Exercise: Could you copy exactly the lines from the start of the records through the one containing "Man, I don't", both included, and leave out the pictures?

Data:
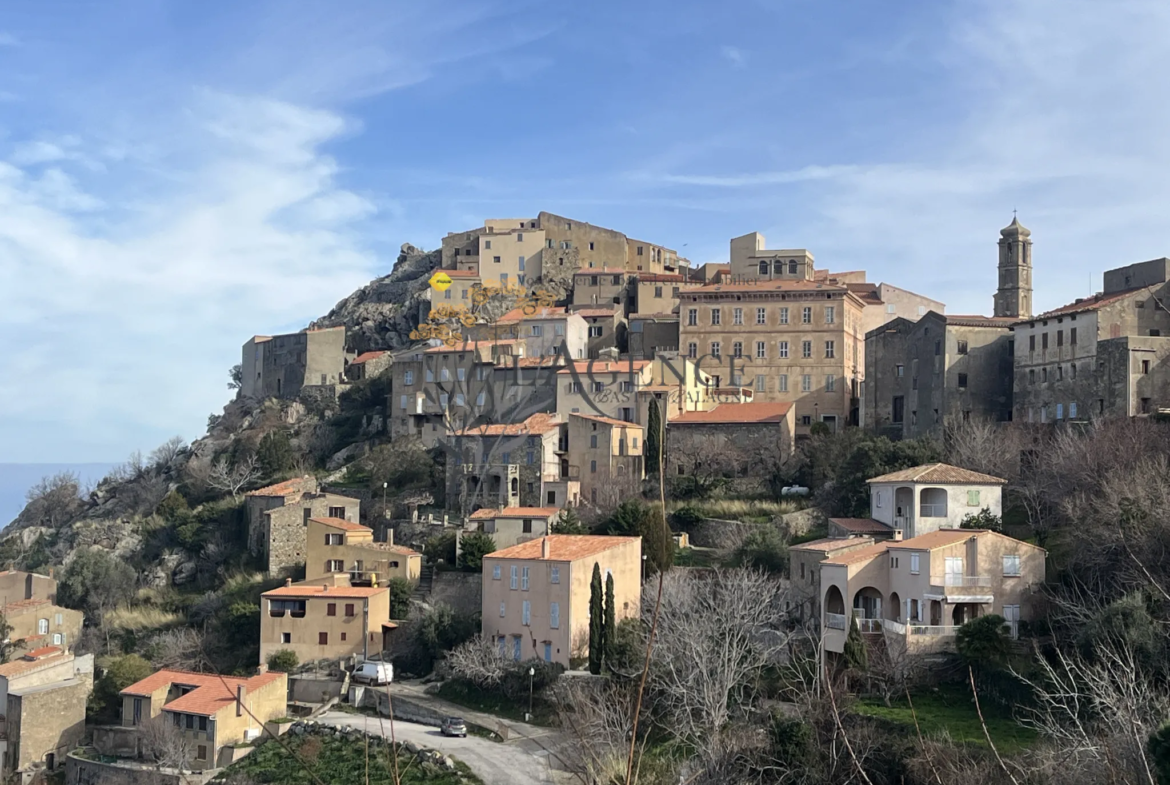 Maison de Village au Charme Historique à Speloncato 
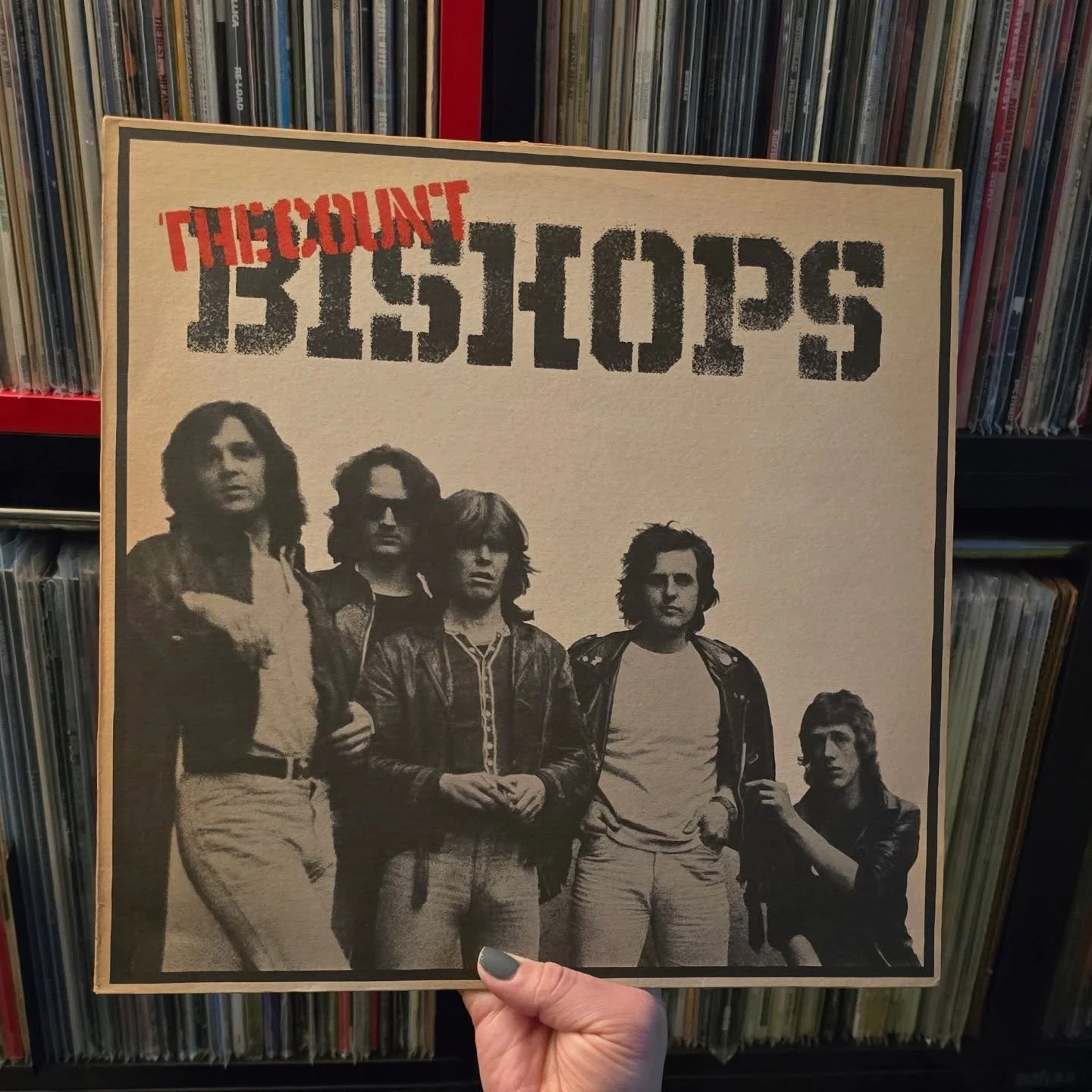 Man, I don't know what i'd do without this kid. TGIF. Don't forget to go out and support your local record store this weekend. 👈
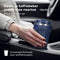 Castagnola Thermosbeker - Koffiebeker To Go - Dubbelwandig - 380 ML - Donkerblauw - Octagon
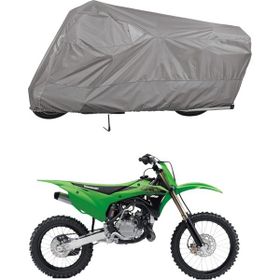 Teksin Kawasaki KX 85 A+ Kalite Gri Motosiklet Brandası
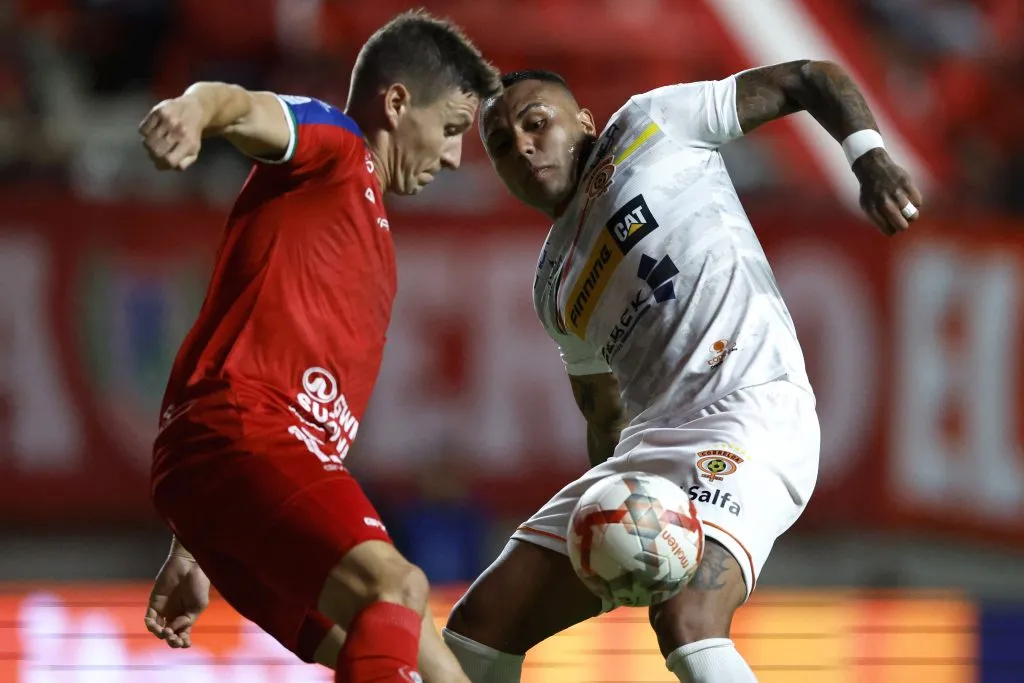 En el último partido, Cobreloa venció por dos a cero a Unión La Calera | FOTO: Andres Pina/Photosport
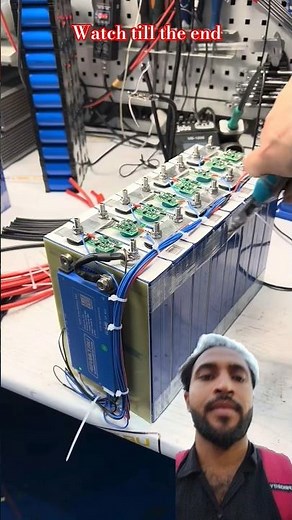 👉 "Battery Pack Assembly Step by Step 🔧 | Lithium Battery + BMS Connection | Full Video" #electrical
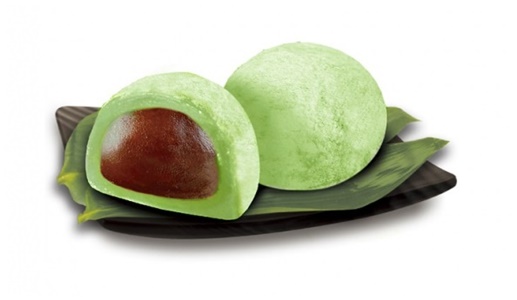 Japanese Daifuku Matcha Red Bean mochi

Output of the exercise:
 Maison de Village au Charme Historique à Speloncato 
 Man, I don't know what i'd do without this kid. TGIF. Don't forget to go out and support your local record store this weekend. 👈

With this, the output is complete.